Jason Dagit dagit at
Mon Nov 24 08:30:49 EST 2008

On Mon, Nov 24, 2008 at 12:23 AM, Simon Peyton-Jones
<simonpj at>wrote:

>    In my case, we had rigid type signatures all over the place.  The wiki
> document says that the type must be rigid at the point of the match.  I
> guess that's what we were violating.  If the code I posted isn't supposed to
> type check then I would like to report, as user feedback, that GADTs have
> become unwieldy.
> I grant that it's less convenient than one would like.  The difficulty is
> that GADTs get you into territory where it's easy to write programs that
> have multiple **incomparable** types.   That is, there is no "best" type
> (unlike Hindley-Milner).  So we pretty much have to ask the programmer to
> express the type.
> Once we are in that territory, we need to give simple rules that say when a
> type signature is needed.   I know that I have not yet found a way to
> express these rules -- perhaps GHC's users can help.  My initial shot is
> I couldn't figure out how to fix that code by just adding a type signature.
> Did you try giving a type signature to the (entire) case expression, as I
> suggested?  That should do it.
Perhaps I don't understand the suggestion, but for me the only way I could
fix it was to put all the pattern matches into local functions with type
signatures.  I can show you the diffs if you would find it useful to see how
'programmers in the wild' react to this.

> I urge you to consider designing a modified or new syntactic form for
> working with GADT pattern matches.  The quasi-dependent typing that GADTs
> give developers is very powerful and it would seem that GHC Haskell with
> GADTs is as close to dependent typing that developers writing "real-world"
> software can get.  I know of no other production ready compilers that
> provide dependent or close to dependent typing.  Dependent typing seems to
> be a growing area of interest.  For these reasons I think it's important for
> GHC to focus on making them pleasanter to work with again; even if it means
> adding to the language again.
> If I knew how to do that, I'd love to.  Here's one idea you might not like:
> restrict GADT matching to function definitions only (not case expressions),
> and require a type signature for such pattern matches.  That wouldn't
> require adding new stuff.  But GHC's current story is a bit more flexible.
In practice that's what we are doing.  Any new code we write using our GADT
data types is written in exactly that style because removing
case-expressions on each GHC release is mildly annoying.  As a user of GHC I
can't predict when a case-expression on a GADT will be valid and when it
give an error.

Thankfully there ended up being less than 10 functions that we had to modify
to become compatible with ghc-6.10.  Some tasks look more daunting from the
outset than they are in reality.

> I also feel that the type errors given when working with existential types,
> especially GADTs with existentials, are confusing.  I think mostly because
> the types of the sub-expressions in the program are not visible to the user.
>  More introspection into the inferred types would help users.  I have some
> ideas on how to improve this, what the output should look like and I would
> like to implement it too, but I haven't had a chance to start a prototype
> yet.
> I agree they are confusing.  I always encourage people to suggest
> alternative wording for an error message that would make it less confusing
> (leaving aside how feasible or otherwise it'd be to generate such wording).
> So next time you are confused but figure it out, do suggest an alternative.
The first two stumbling blocks I ever had with the type errors was the
meaning of rigid type and the difference between inferred and expected type.

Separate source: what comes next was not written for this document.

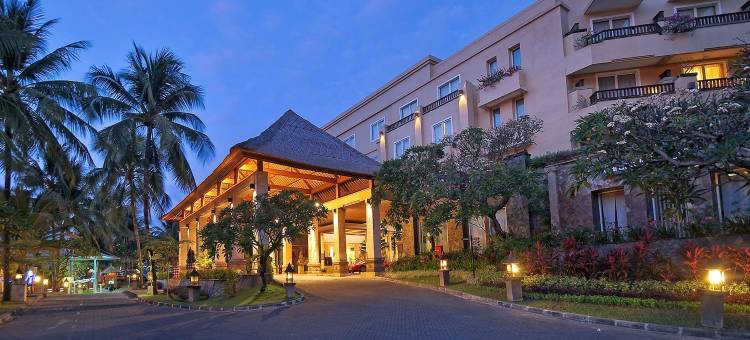 库塔帕拉迪索酒店(Kuta Paradiso Hotel)图片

These days neither of those are an issue for me, but maybe its useful to
hear.  I take rigid type to mean a type that I specified.  It may not be
100% accurate but it's close enough for intuiton.  I think the problem with
inferred vs. expected is that the difference in their meanings is too
narrow.  My understanding is that the expected type is based on rigid types
and the inferred type is based on the type inference.  Using words that are
more polar in meaning, but still accurate, could potentially help here.
 Such as inferred vs. provided.  But this is very minor.

I think the real problem here is that the type checker does a very
non-trivial amount of reasoning about your code then it spits out some well
written error messages with a good deal of static only context.  What I mean
is, the errors do a good job of giving me back static information thus
saving me some time of looking up the context and also helping me zero in on
the trouble area, but it doesn't help me to understand the why of the error.

I think the information that is still lacking is knowledge about the process
that the type checker used to arrive at its conclusion.  Every time I've
been really stumped by the type checker I used the exact same trick to get
unstuck.  I mimicked a type checker on paper to the best of my ability until
I had annotated a paper version of the code with types at each
sub-expression.  Then I compared that against the output from GHC.  Only
once I had that annotated version of the code could I sit back and think
about what was wrong with the code to fix it.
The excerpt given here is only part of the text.